What is the right price? What does consumer price acceptance look like? Should prices in the cross channel context be harmonized or differentiated? These are some of the many questions retailers have to contend with, both online and offline. Christina Bunnenberg, Head of Corporate Communication at IFH Köln, to which the ECC Club (cross channel and e-commerce network) also belongs, in conversation with Jens Scholz, CEO at prudsys AG. This interview first appeared in the IFH Köln blog.
Christina Bunnenberg: Dynamic pricing is a hot topic in the e-commerce industry. Is it worth the investment and isn’t everybody just looking to see what Amazon does?
Jens Scholz: When it comes to dynamic pricing, the retailer is mainly concerned with optimizing turnover and earnings.
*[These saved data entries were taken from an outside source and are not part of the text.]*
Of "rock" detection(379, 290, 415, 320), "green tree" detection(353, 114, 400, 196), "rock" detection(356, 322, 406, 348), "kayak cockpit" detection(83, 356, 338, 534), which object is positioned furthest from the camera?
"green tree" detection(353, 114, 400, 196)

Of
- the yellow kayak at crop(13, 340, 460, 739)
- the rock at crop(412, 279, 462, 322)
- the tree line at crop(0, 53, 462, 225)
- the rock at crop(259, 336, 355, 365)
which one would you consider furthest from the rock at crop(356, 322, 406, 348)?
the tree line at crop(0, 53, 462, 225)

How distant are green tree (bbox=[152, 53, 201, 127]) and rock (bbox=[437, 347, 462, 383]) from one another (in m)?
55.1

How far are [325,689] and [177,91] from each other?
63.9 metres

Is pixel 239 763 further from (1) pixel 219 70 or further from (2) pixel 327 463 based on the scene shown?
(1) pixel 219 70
However, inventory reduction, customer retention and price image optimization are also frequent objectives of dynamic pricing. Partial or complete automation of pricing processes is also desirable. Based on price elasticity the algorithm dynamically determines consumer price acceptance for every item and every branch or online shop at any given time while taking competitor prices into account. In so doing it is important to not simply compare competitor prices 1:1. A complex pricing algorithm always evaluates the competitor’s price in the context of the retailer’s own brand strength. At the end of the day it comes down to consumer appreciation, both for the product and for the retailer providing that product. That pays off in hard cash. We have seen considerable increase in earnings in A/B tests. However, nowadays the use of pricing intelligence is not only worthwhile, in many ranges it has become necessary to survive. Amazon changes prices several times a day. If you assume that the Amazon algorithm confers an advantage with each price change, and you must assume that, then you as a retailer must react, immediately and dynamically.
Christina Bunnenberg: How often can retailers adapt prices before customers get annoyed? What have we learned from experience?
Jens Scholz: You could also turn the question around. How long can a retailer leave a price unchanged without annoying or losing the customer? The stable price is not necessarily always in the customer’s best interest. Take gas prices, for example: they are relatively stable compared to the price of oil. The price of oil has fallen steadily since 2014, which is reflected in gas prices. The stable gas price is thus not in the customer’s best interest in this case. There is no market price fairer than the dynamic price because the dynamic price always takes into account the volatile market environment. Supply, demand and environmental conditions are constantly changing. Dynamic pricing aligns itself accordingly. Sometimes that works in favor of the customer’s wallet and sometimes it doesn’t but it is always a fair market price. In some circumstances even price increases are advantageous for the consumer; the effects of a price that is too low can be seen, for example, with the price of milk which led to subsidies in the millions. And to come back to your question, nowadays prices are changed weekly, daily or even several times a day. Amazon is certainly a driving force behind several price changes daily.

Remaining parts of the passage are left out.